Réinstallation des réfugiés
Une redistribution aussi massive des richesses aiderait les sociétés du monde entier à s’adapter, et peut-être même à prospérer, face à la crise climatique. Mais de nombreux dégâts sont déjà causés et de nombreuses personnes devront quitter leur domicile.
Plus de 140 millions de personnes pourraient être déplacés par les impacts climatiques dans les décennies à venir, nombre d’entre eux provenant de régions déjà ravagées par les interventions militaires soutenues par les États-Unis, les sanctions économiques et les pratiques commerciales déstabilisatrices. Ces migrations de personnes déplacées sont souvent considérées comme une menace inhérente à la « sécurité nationale » aux États-Unis, conduisant à une militarisation accrue et à une fortification des frontières qui menacent toute possibilité de justice pour les migrants.
Réparer tant de dommages passés, présents et futurs nécessite un changement fondamental d'un cadre de militarisme et de sécurisation, et vers une approche réparatrice à la crise climatique.
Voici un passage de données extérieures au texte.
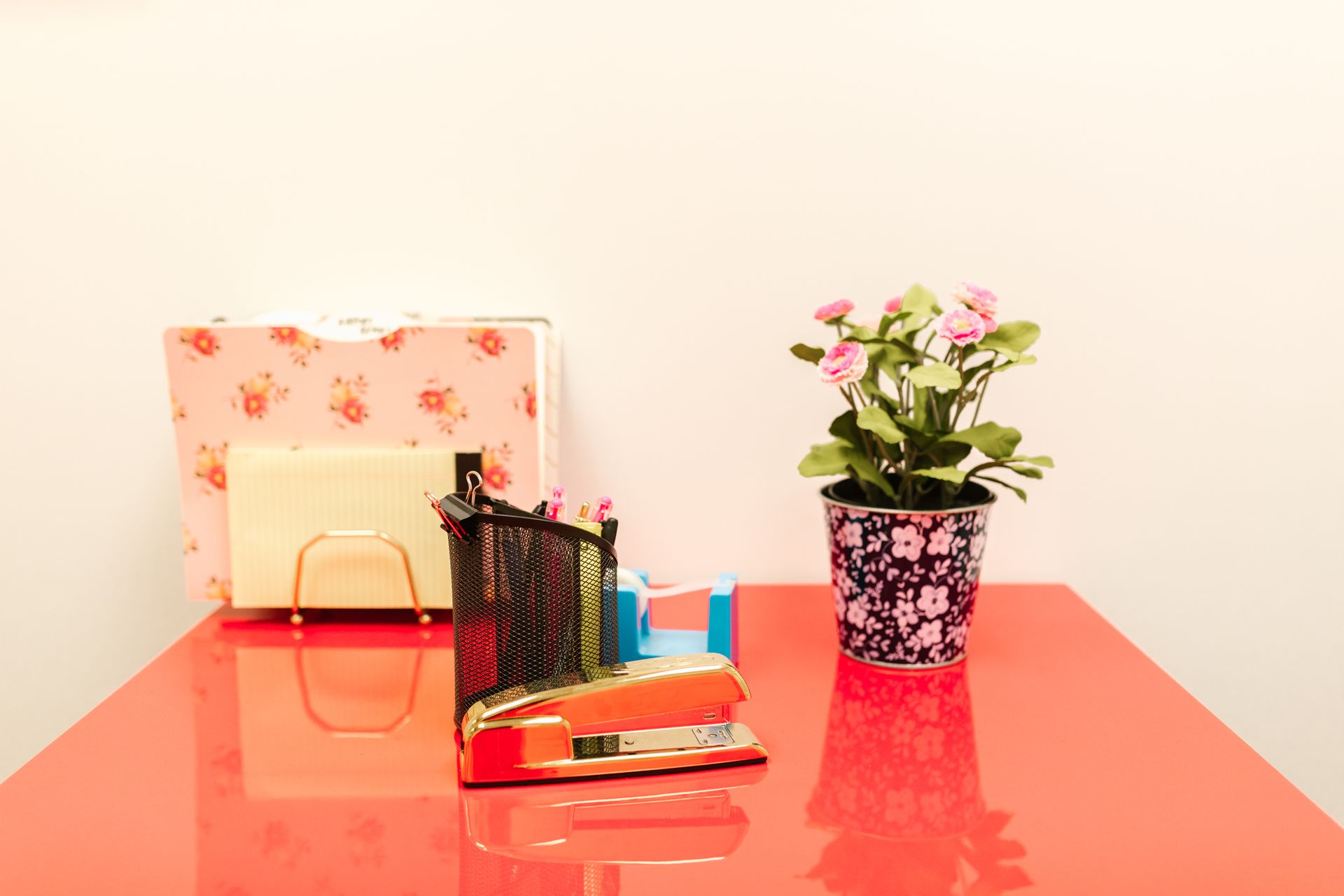 A colorful office desk arrangement featuring a red stapler and potted flowers.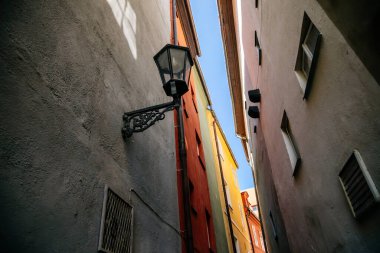 Cheb, Western Bohemia, Czech Republic, 14 August 2021: Complex of medieval colorful gothic merchant houses Spalicek at marketplace, King George of Podebrady Square, Eger, narrow picturesque street 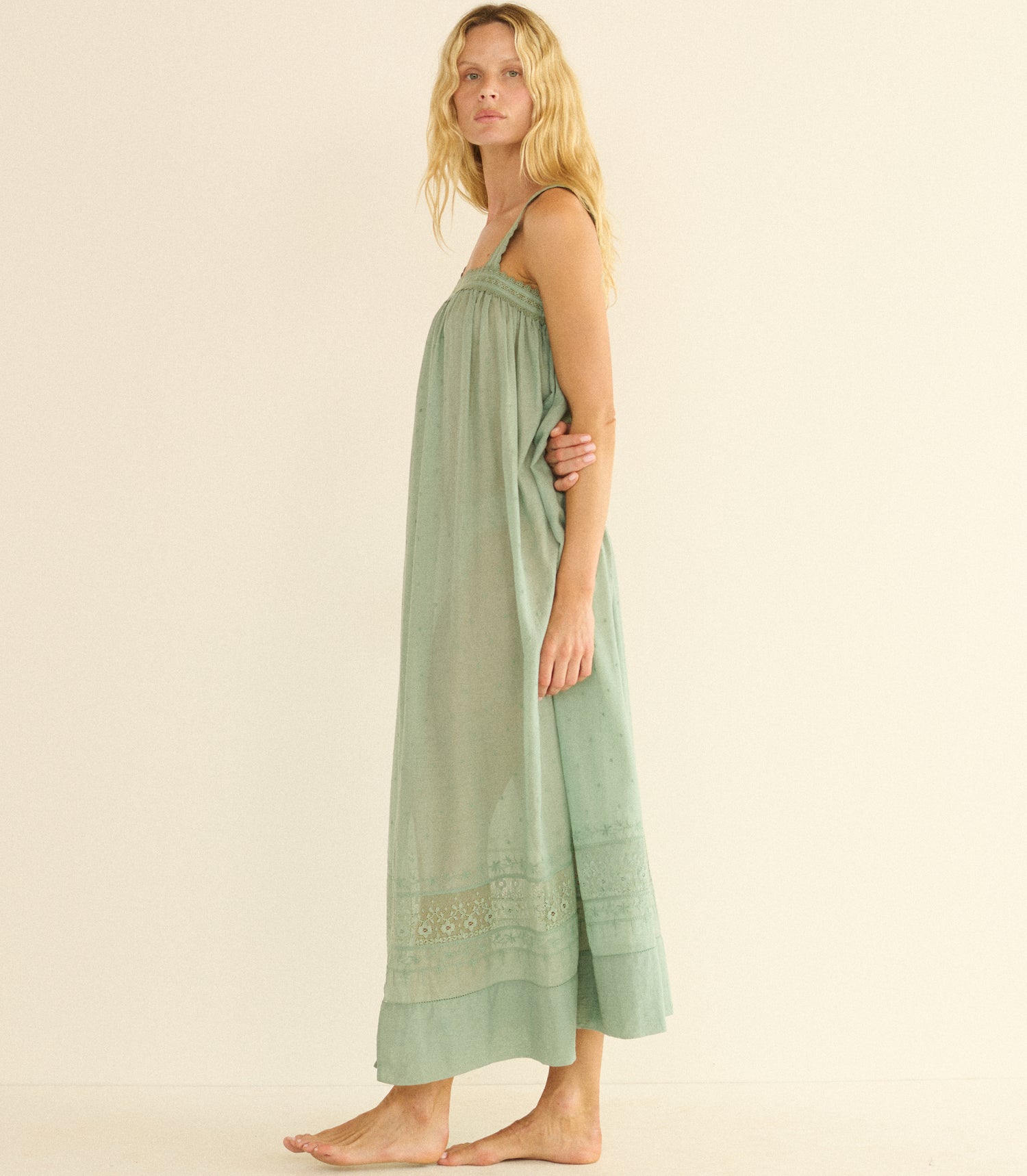 Woman wearing a green dress with embroidery on a beige background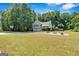 Spacious backyard with a basketball court, fire pit, and lush green lawn perfect for entertaining at 127 Muirwood Dr, Temple, GA 30179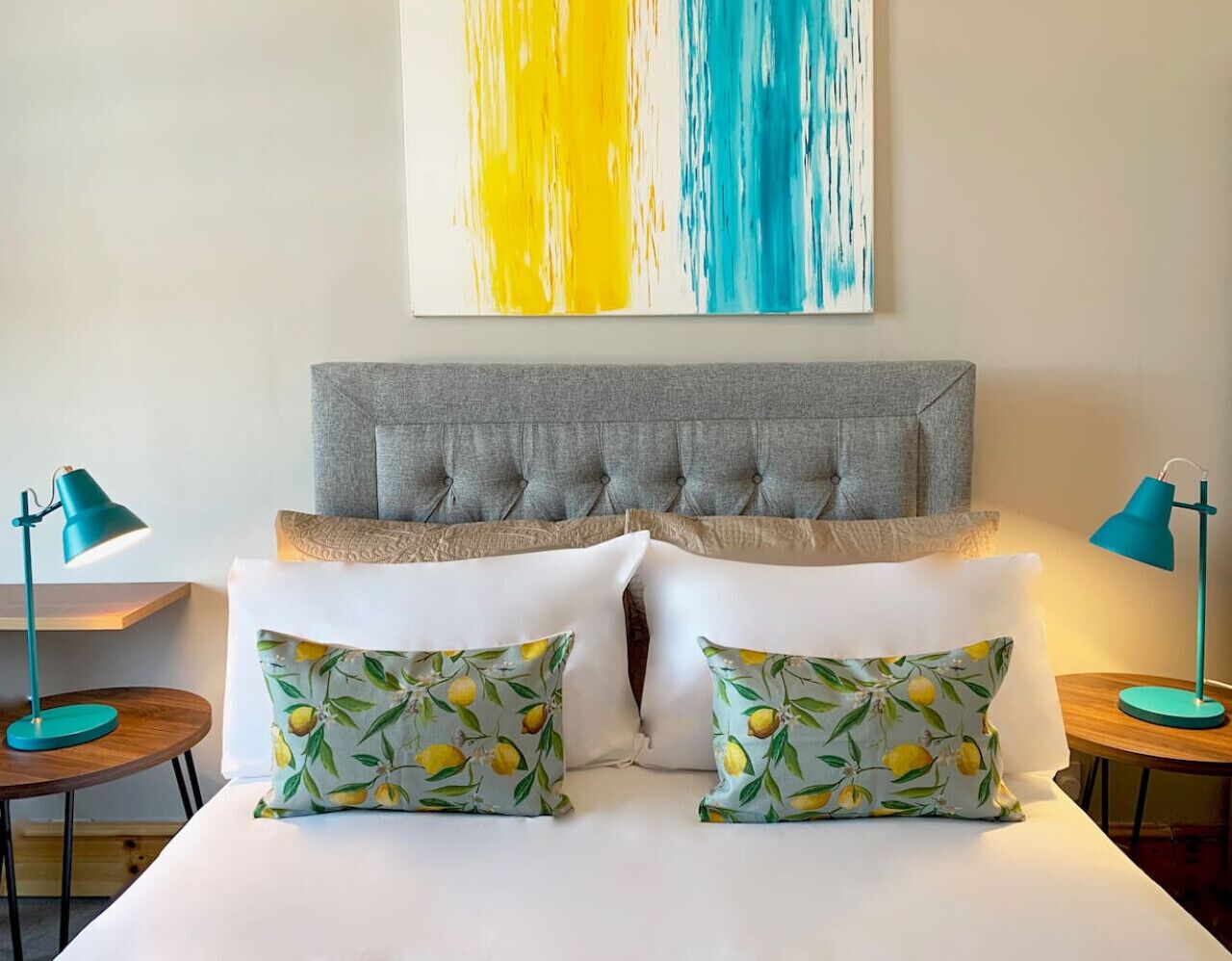 A hotel room with a tufted headboard, white bedding, and two matching pillows with a lemon pattern. There are two side tables with lamps, and a large abstract painting above the bed.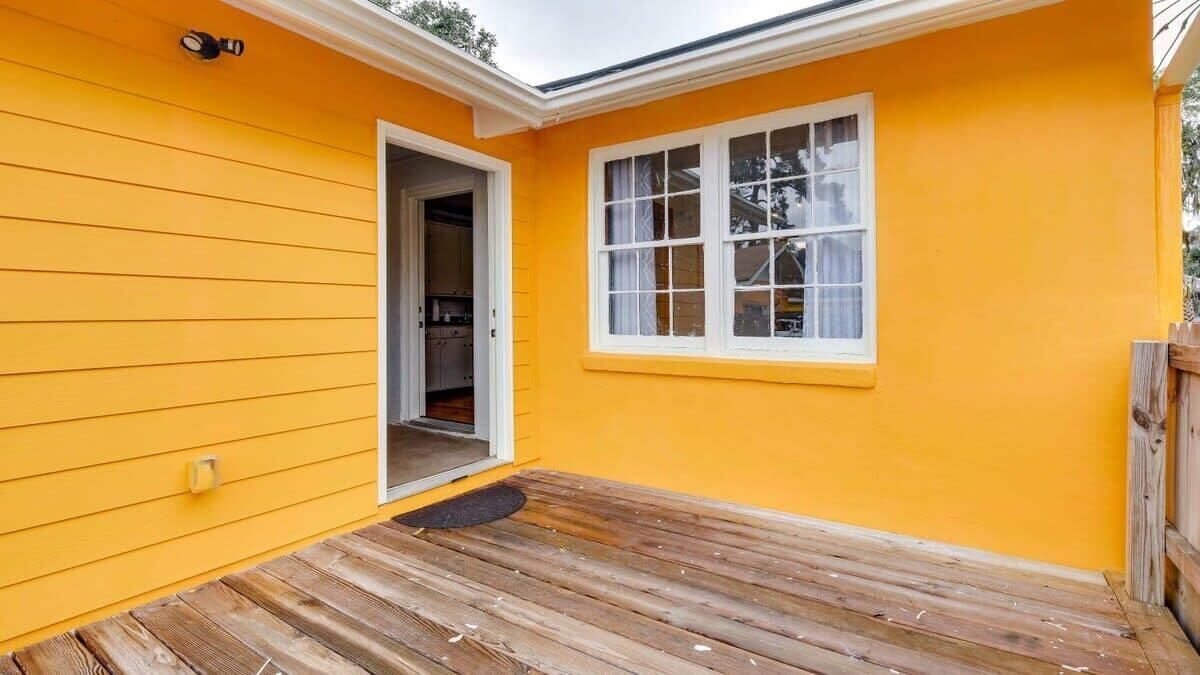 A yellow house with a wooden deck and a white-framed window.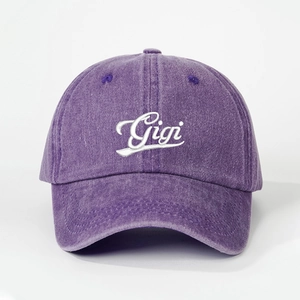 Detailed close-up of white Gigi embroidery on a purple washed vintage denim baseball cap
Cela doit inclure un engagement à accorder aux personnes déplacées à l’échelle internationale davantage de droits de déplacement et de réinstallation.
Depuis 1980, les États-Unis ont accordé un plafond moyen de plus de 95,000 XNUMX admissions annuelles de réfugiés jusqu'à ce que Trump, qui a fixé des plafonds à la réinstallation des réfugiés à des niveaux historiquement bas chaque année successive de sa présidence, conduisant à un nadir de seulement 15,000 2021 réfugiés admis pour l'exercice 125,000. En tant que candidat, Biden s'est engagé à rétablir le plafond à 110,000 2017 réfugiés, soit plus de XNUMX XNUMX réfugiés. L'objectif le plus élevé d'Obama est de XNUMX XNUMX admissions en XNUMX.
C'est un bon début. Des chiffres encore plus élevés se situent bien dans la fourchette historique : le plafond le plus élevé fixé par le président Ronald Reagan était de 140,000 XNUMX réfugiés. Avec assez soutien administratif, ce pays peut s’engager à réinstaller beaucoup plus de réfugiés pour répondre aux besoins mondiaux urgents.
Une réorientation fondamentale
Centrer la crise climatique sur toutes les considérations de politique étrangère et de « sécurité » est un pas en avant majeur pour l’obstructionniste en chef du monde – et certainement une amélioration par rapport à Trump. Mais le diable se cache dans les détails.
Fonder notre politique climatique sur la domination à l’étranger et la fermeture des frontières à l’intérieur serait un désastre. Cela garantirait les ressources à seulement quelques riches, laissant tout le monde se battre pour les miettes dans un monde de plus en plus conflictuel et en réchauffement. Cette voie donnerait davantage de pouvoir aux forces de fascisme fossile qui se cachent derrière Trump et conduisent à des voies encore plus sombres.
La clé est d’investir dans la sécurité mutuelle, et non dans un « canot de sauvetage armé » qui ne mène nulle part. Du New Deal vert à la diplomatie climatique et à l’installation des réfugiés, l’administration Biden peut prendre toutes sortes de mesures significatives pour garantir que notre politique climatique assure réellement la sécurité des personnes.
À long terme, parvenir à un monde au-delà de l’urgence climatique nécessite une réorientation fondamentale des États-Unis vers la coopération mondiale, le respect du droit international et les droits de l’homme pour tous.
Cet article a été réalisé conjointement par Foreign Policy in Focus ainsi que le En ces temps.